# Work to complete
Please give the lines below again exactly as they stand, from the one that contains "Blue Sparkle Prom Dress" up to and including the one that contains "9005 3 Wolf", leaving all pictures out.

◇ ◇ ◇

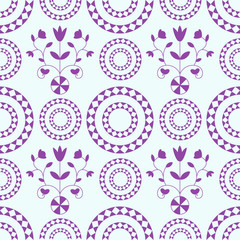 Seamless decorative pattern with flowers and circles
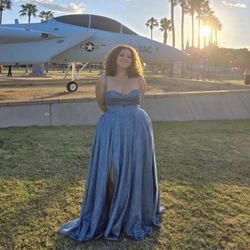 Blue Sparkle Prom Dress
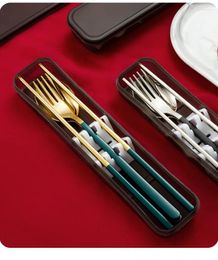 Flatware Sets 3PCS/LOT Stainless Steel Dinnerware Set Dinner Chopsticks Fork Spoon Tableware With Gift Box Drop XB 039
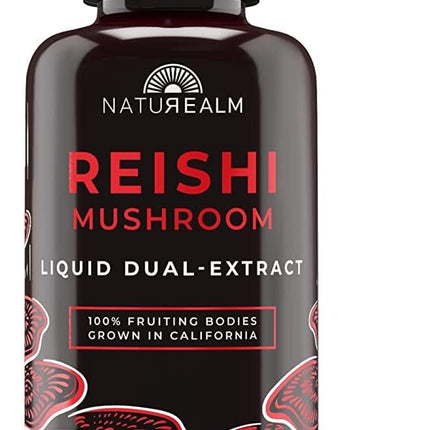 Naturealm Reishi Mushroom Liquid Tincture Supplement – Promotes Calmness, Immune Support & Sleep Aid, Vegan, Non-GMO – Organic Fruiting Bodies, 1 Month Supply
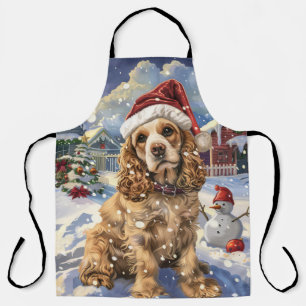 Cocker Spaniel Winter Wonderland Christmas Joy  Apron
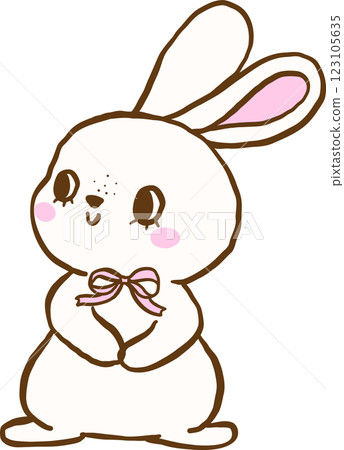 Cute White Bunny with Pink Bow Cartoon Hand Drawn 123105635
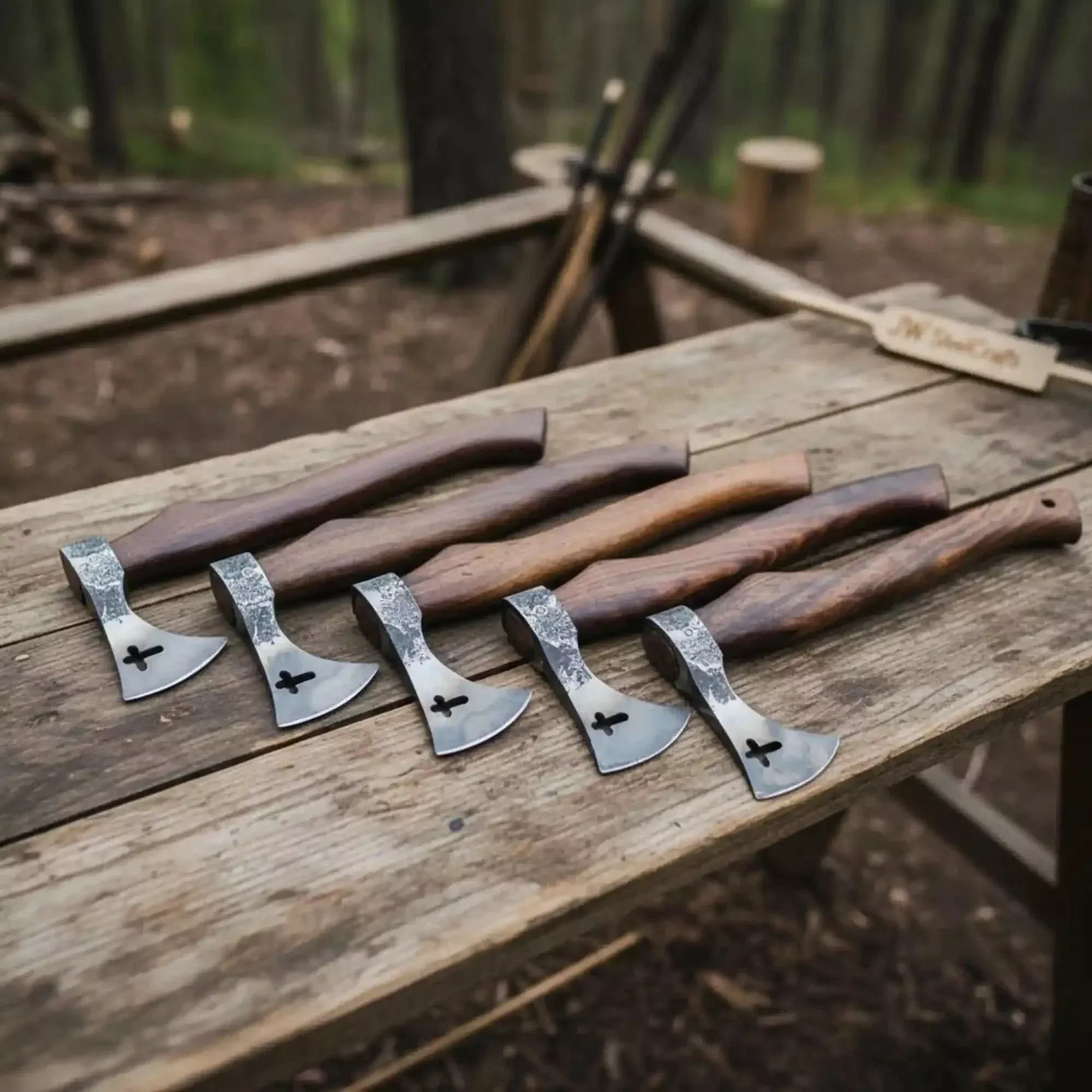 Cross Cutout Hatchet Set of Five with Two Tone Forged Heads
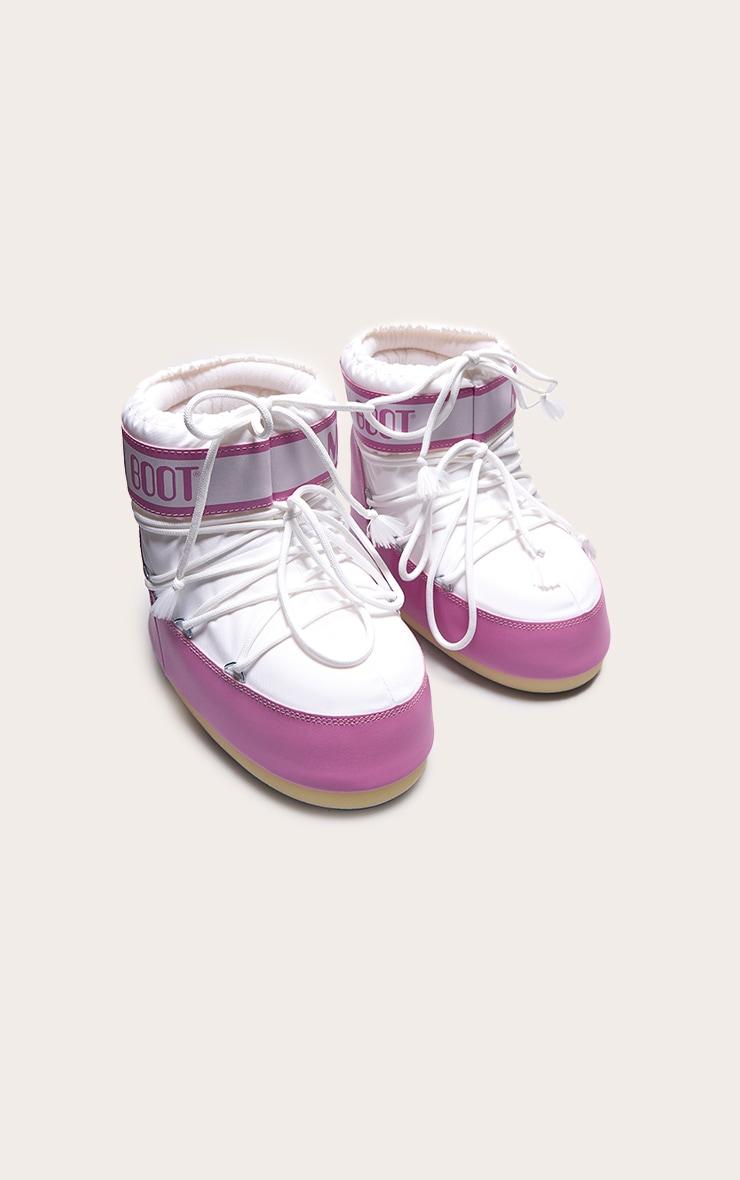 MOON BOOT Pink and White Icon Low Product Image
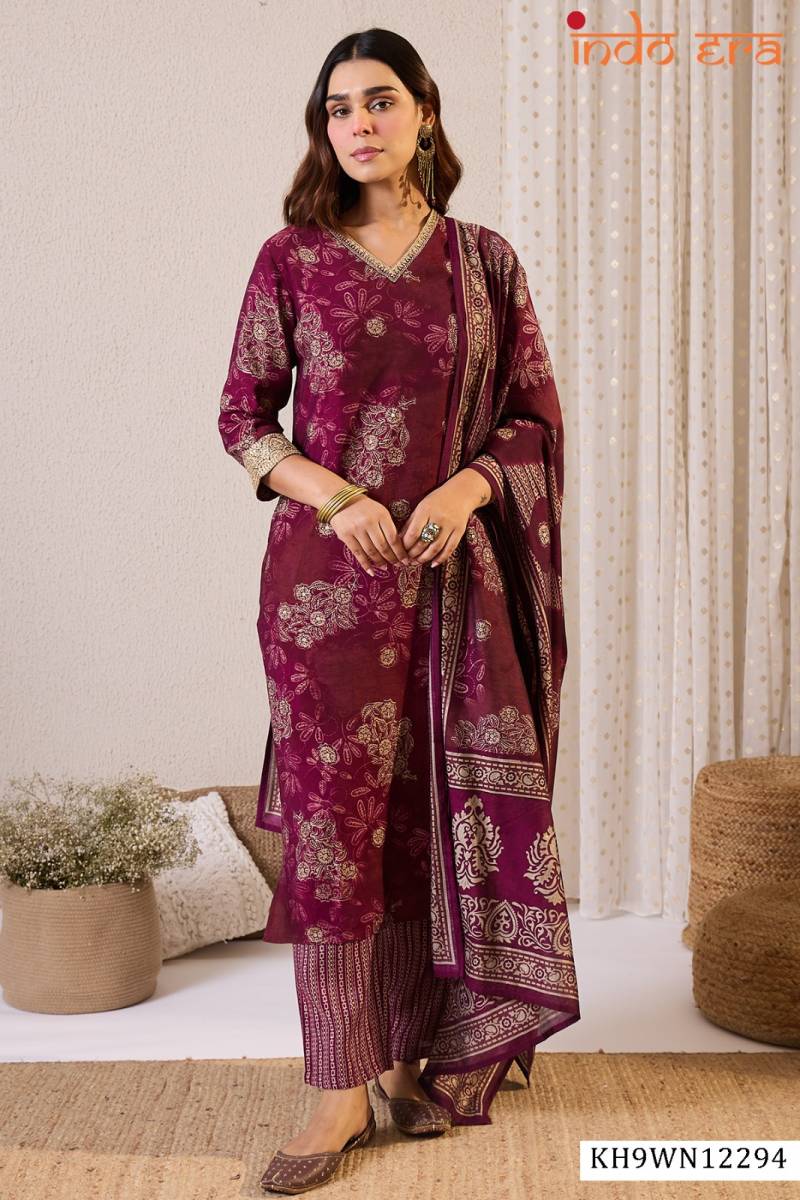 Indo Era 2594 Chanderi Silk Floral Printed Beautiful Kurti WIth Botttom Dupatta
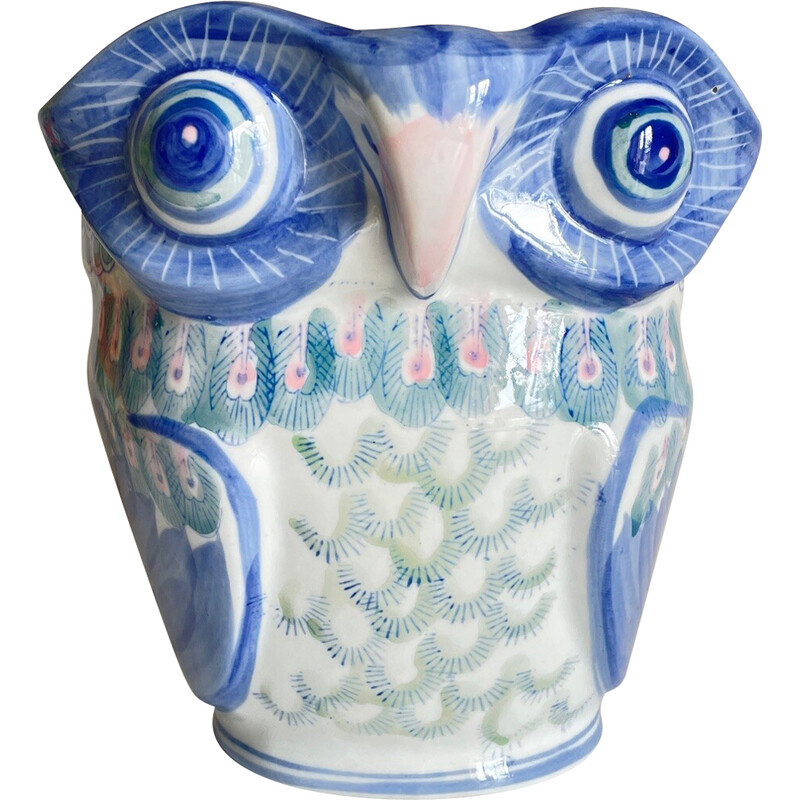 Cache-pot vintage en forme de chouette en porcelaine, Chine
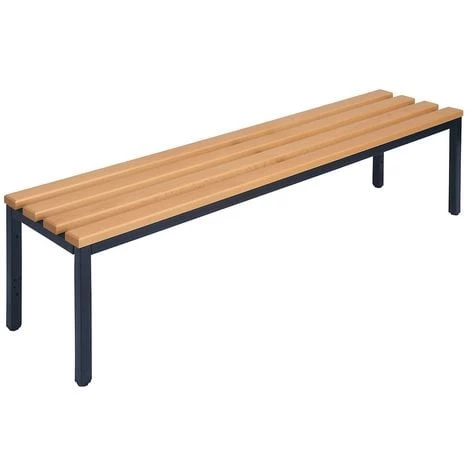 Wolf Banc De Vestiaire Sans Dossier - Lattes En Bois De Hêtre - Longueur 1500 Mm - Coloris Piétement: Noir Profond RAL 9005 3 Wolf Banc De Vestiaire Sans Dossier - Lattes En Bois De Hêtre - Longueur 1500 Mm - Coloris Piétement: Noir Profond RAL 9005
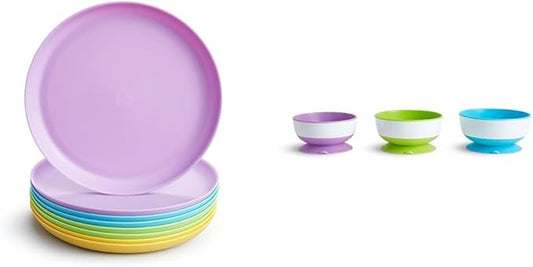 Munchkin® Multi™ Baby and Toddler Plates, 8 Pack & Stay Put™ Suction Bowls for Babies and Toddlers, 3 Pack, Blue/Green/Purple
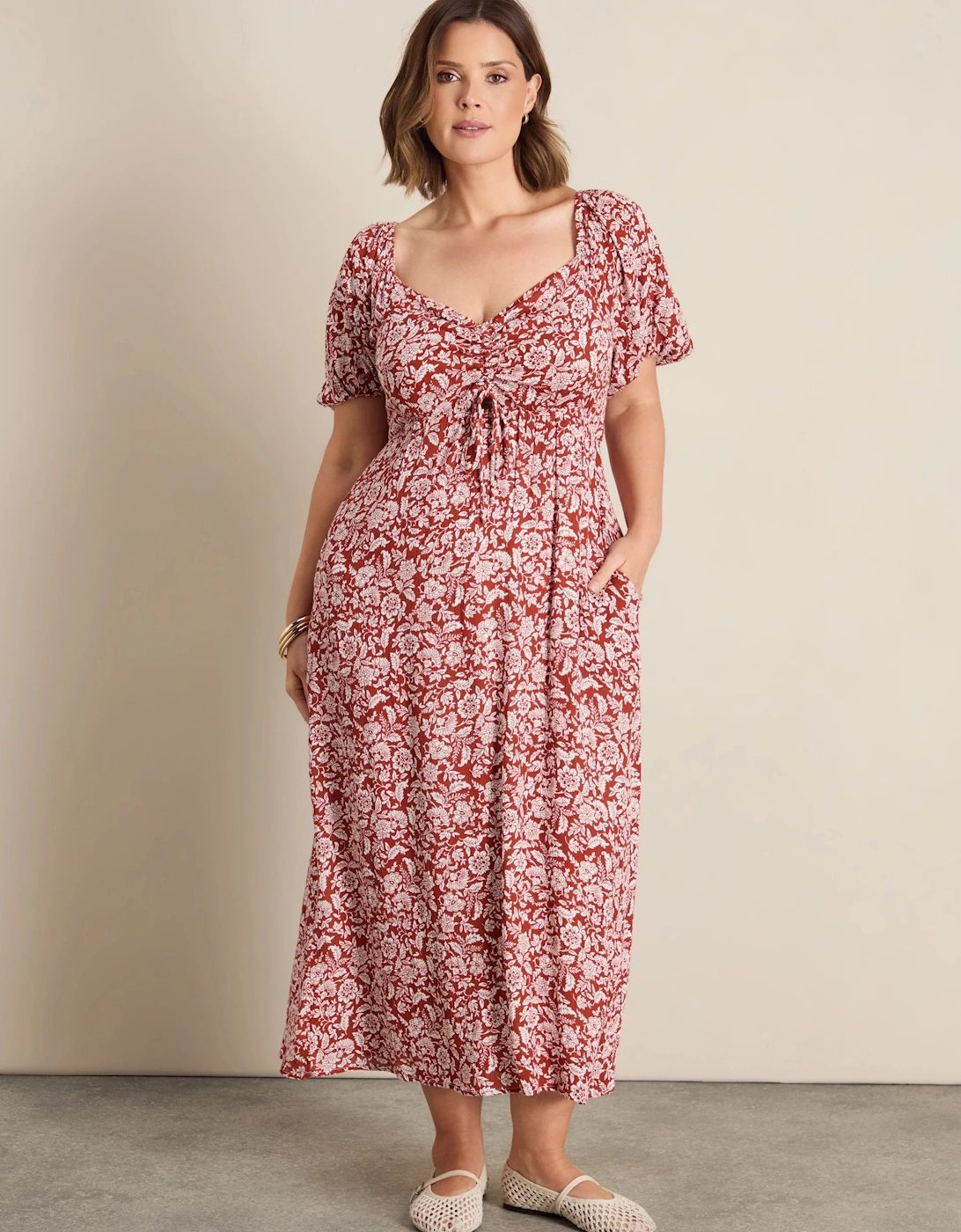 Rust Floral Print Crinkle Puff Sleeve Midaxi Dress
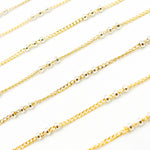 Load image into Gallery viewer, XM/S1327CF/29. 14k Gold Filled Curb Chain and 3 Sterling Silver Beads in Between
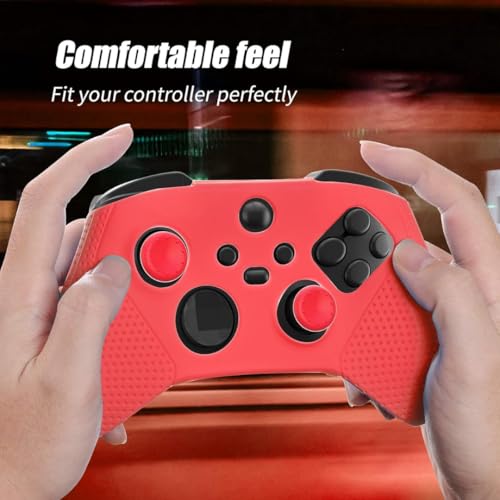 Image of TMG X Series X /S Controller Skin,Anti-Slip Protector Compatible with Xbox Series X /S Controller-Silicone Cover with 2 Thumb Grips Caps (Red)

◇ ◇ ◇

# Task answer
 Blue Sparkle Prom Dress
 Flatware Sets 3PCS/LOT Stainless Steel Dinnerware Set Dinner Chopsticks Fork Spoon Tableware With Gift Box Drop XB 039
 Naturealm Reishi Mushroom Liquid Tincture Supplement – Promotes Calmness, Immune Support & Sleep Aid, Vegan, Non-GMO – Organic Fruiting Bodies, 1 Month Supply
 Cocker Spaniel Winter Wonderland Christmas Joy  Apron
 Cute White Bunny with Pink Bow Cartoon Hand Drawn 123105635
 Cross Cutout Hatchet Set of Five with Two Tone Forged Heads
 MOON BOOT Pink and White Icon Low Product Image
 Indo Era 2594 Chanderi Silk Floral Printed Beautiful Kurti WIth Botttom Dupatta
 Cache-pot vintage en forme de chouette en porcelaine, Chine
 Wolf Banc De Vestiaire Sans Dossier - Lattes En Bois De Hêtre - Longueur 1500 Mm - Coloris Piétement: Noir Profond RAL 9005 3 Wolf Banc De Vestiaire Sans Dossier - Lattes En Bois De Hêtre - Longueur 1500 Mm - Coloris Piétement: Noir Profond RAL 9005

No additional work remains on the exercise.